There was a good side to learning this, and that was that I learned to question everything. Kids who are taught the prevailing wisdom of science never have their beliefs challenged. In fact, in High School I was surprised to find many atheists who were as dogmatic and wonderless as their fundamentalist religious counterparts. I'm glad that I was reminded over and over again that evolution was "only" a theory, because this has put all of human scientific discovery into perspective for me.

 

Religion gave us the frameworks for the science that we have today. In fact, much of the science that we do now is done in the name of humanism - a direct descendant of Western religion.  Scientists who think they can achieve objectivity are like people who have never travelled and don't realize they have an accent.  For all of the trash talking that faith gets, you can’t have science without faith in constants. It can be absurd when fundamentalist Science battles fundamentalist religion, because the two end up sounding similar.

 

But I don't want to say that Ken Ham isn't an idiot (albeit a wealthy one) or that it's fine to teach Creationism as fact and the Bible as science.

 

The Bad:

 

Scripture abandoned in the home leads to a generation no different from the world.

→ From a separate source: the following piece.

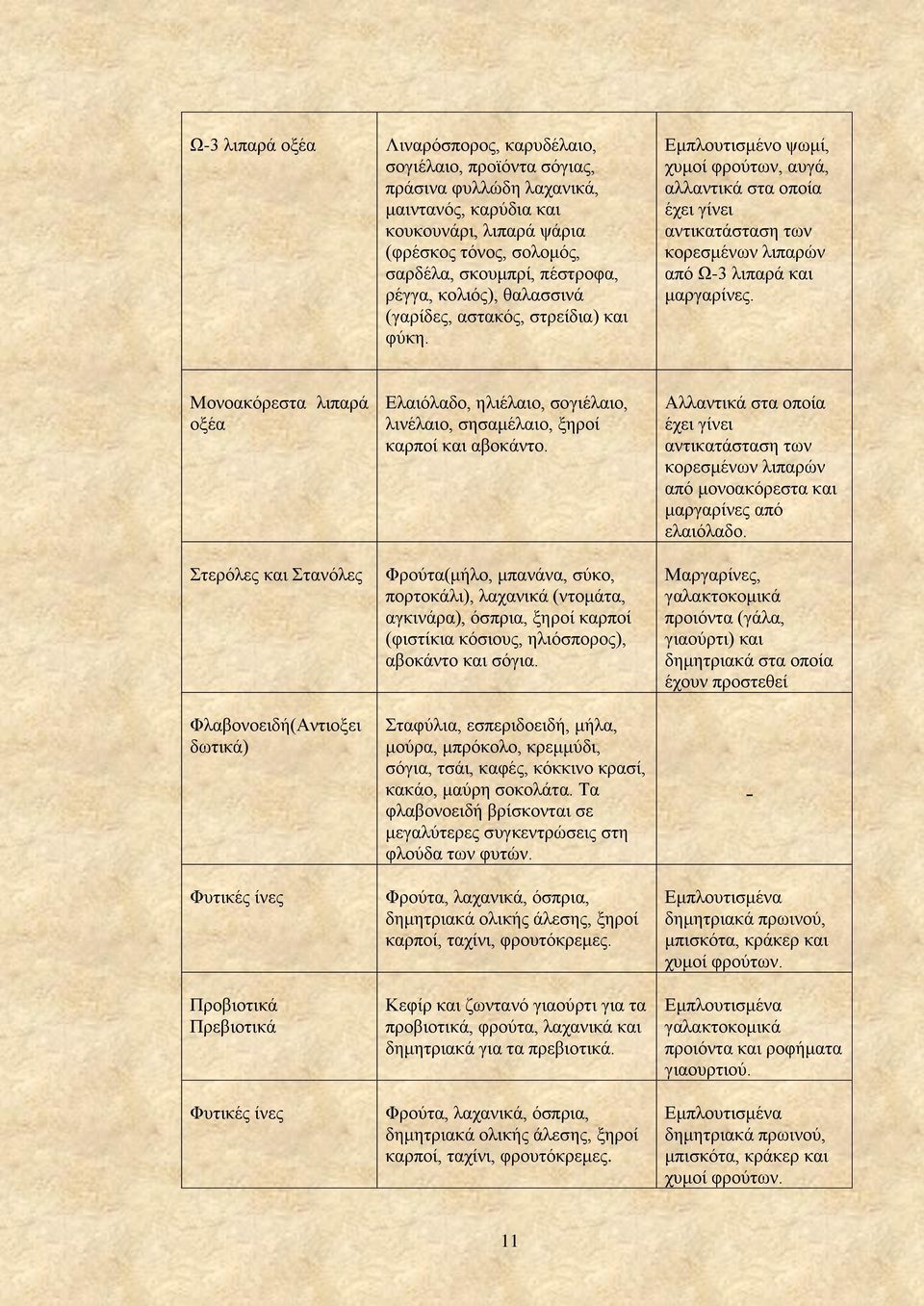 Εμπλουτισμένο ψωμί, χυμοί φρούτων, αυγά, αλλαντικά στα οποία έχει γίνει αντικατάσταση των κορεσμένων λιπαρών από Ω-3 λιπαρά και μαργαρίνες.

For me, one of the worst effects of growing up with creationism was the loss of wonder.  I lost interest in the life sciences because there was nothing new to be discovered. Jesus had to come back in the next few thousand years, before the Earth could go through any drastic changes that would prevent human life and cause us to seek refuge on the nearest habitable planet. My textbooks mocked scientists who searched for other forms of life in the cosmos. How dare they waste their money searching for something that God had decreed couldn't exist?

 

The Ugly:

 

By far the worst thing about growing up with Creationism is the fear. I became afraid of insulting a vindictive God by imagining that there were life beyond His perfect Earth, or that life had originated in any other way than the 7 day process described in a 4,000 year old book. To deny creation would be to deny God's perfection. How could evolution have happened if God had created a world without death? The main reason for clinging to Creationism is to prove that we humans caused death. Our collective sin, of which we are all guilty, caused all of the pain and suffering in the world.

 

Things have evolved slightly since the day of Copernicus and Galileo. Baptists and Presbyterians won't pull out your fingernails or use a thumb screw on you if you believe that the Earth wasn't created in seven days.  Many do, however, have the power to excommunicate or "discipline" members if they don't believe that: "The Bible is the revelation of God's truth and is infallible and authoritative in all matters of life and practice.*"

 

The Good (again)

 

I don't want to end this post on a negative note, so I'll revisit the positive. The good is the fact that I don't believe Creationism anymore. When I stopped believing it was less like the disillusionment of realizing that Santa isn't real and more like being let out of a dark closet for the first time. Clearly, some worldviews are better for my sanity than others, and I'm glad that the one that is backed by science isn't the one where a bunch of old men decide who is and who isn't allowed to speak in church.

 

Giving up creationism means that my sense of wonder has been restored with a vengeance. All of the things that I wasn't supposed to wonder as a 10 year old I now wonder about in full force. Is there life in the stars? Is the universe infinite? Are there infinite versions of myself? If I can imagine God, does that make God possible? And if she is possible, in an infinite universe must she exist?

 

I don't know the answers. I don't expect to ever know the answers. But I can search and imagine and wonder, and this is beautiful.